Было бы излишним утверждать, что только эти привычки ответственны за наши реакции. Безусловно, определенную роль играет и телесная конституция человека. Наиболее ярко это проявляется в случае патологических или необычайно одаренных в том или ином отношении людей; но ведь и вся популяция состоит из индивидов, сильно различающихся по форме и функциям тела, а поскольку одни и те же формы и способности встречаются во многих группах, групповое поведение не может находиться под глубоким влиянием структуры. Различия, похоже, обусловлены культурно приобретенными автоматическими привычками, одним из важнейших источников консерватизма.
Приведем несколько примеров для иллюстрации условий, закрепляющих привычки. Разведение огня с помощью трения распространено почти повсеместно. В большинстве случаев используется огневое сверло, которое вращают вперед-назад руками или механическим способом. Другие используют огненный плуг, третьи – огненную пилу. Принцип всегда один и тот же. Дерево трется о дерево под давлением и с такой скоростью, что образующаяся при трении пыль в конце концов воспламеняется. Движения при этом могут быть разные: в одном случае – сверление, в другом – вспахивание или скобление, в третьем – пиление. Другой пример – производство муки. Одни получают ее, растирая зерна между камнями, другие – расталкивая в ступке. Формы пестиков для толчения зависят от материала, использования одной или двух рук, а также от способа держать пестик. Молотки могут быть с топорищами и без, использоваться одной или двумя руками. Их назначение всегда одинаково, но формы различаются в зависимости от применения. В одних племенах используется ручное тесло с длинной рукояткой, в других – те, которые следует держать близко к режущему лезвию. Для обработки материала по направлению к телу человека используется скобель, для обстругивания в противоположном направлении – ножи других форм. Для человека, привыкшего орудовать скобелем, рукоятка ножа, не приспособленная для этого движения, будет казаться неудобной. Таким образом, двигательные привычки людей отражаются в форме рукояток их инструментов.
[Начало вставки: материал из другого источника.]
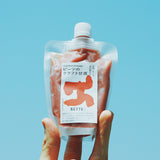 アスリートのためのクラフト甘酒｜ビーツ×米麹×白麹の発酵エナジードリンク。疲労回復・脳のエネルギー補給に優れ、無添加・自然素材でつくる機能性ドリンク。運動後のリカバリーや朝のチャージに最適な国産・冷凍タイプのビーツ甘酒セット。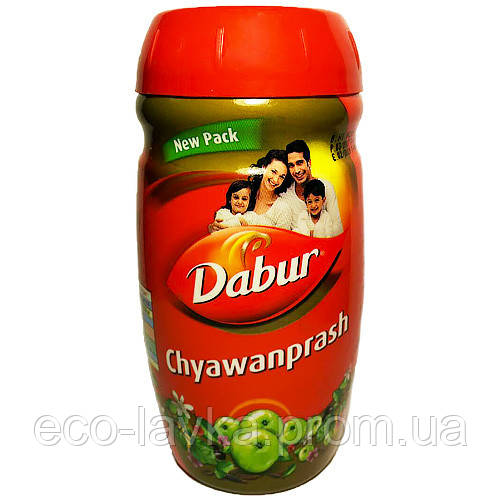 Чаванпраш Dabur. 550г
Движения, определяемые формой рукояток, иногда очень специфичны, и переход на другую форму рукоятки, соответственно, затруднен. Хорошим примером может служить эскимосская копьеметалка. Эти метательные дощечки нужны для придания копью или дротику большего импульса, чем тот, который обеспечивается за счет руки. Она выступает в качестве продолжения руки. Один конец дощечки удерживается в руке. На поверхности имеется паз, в который упирается хвостовая часть копья. В момент бросания дальний от руки конец копьеметалки выталкивает копье вперед, отчего амплитуда метания становится больше, а скорость движения увеличивается и толчок, соответственно, оказывается сильнее. Точность броска копья зависит от того, насколько хорошо рука знакома с копьеметалкой, так как малейшее изменение ее положения изменит траекторию полета. Формы копьеметалки у разных племен существенно различаются. В регионе Лабрадор и в более северных широтах она широкая и тяжелая, с захватами для большого пальца и всех остальных. На Аляске она тонкая, с рукояткой, расположенной совсем по-другому. Руке, привыкшей к широкой копьеметалке, потребуется немало времени, чтобы освоить более узкую. Подобный инструмент встречается и в Австралии, но его форма принципиально иная. Полагаю, что австралиец, который попытался бы использовать эскимосскую копьеметалку, не смог бы попасть в дичь.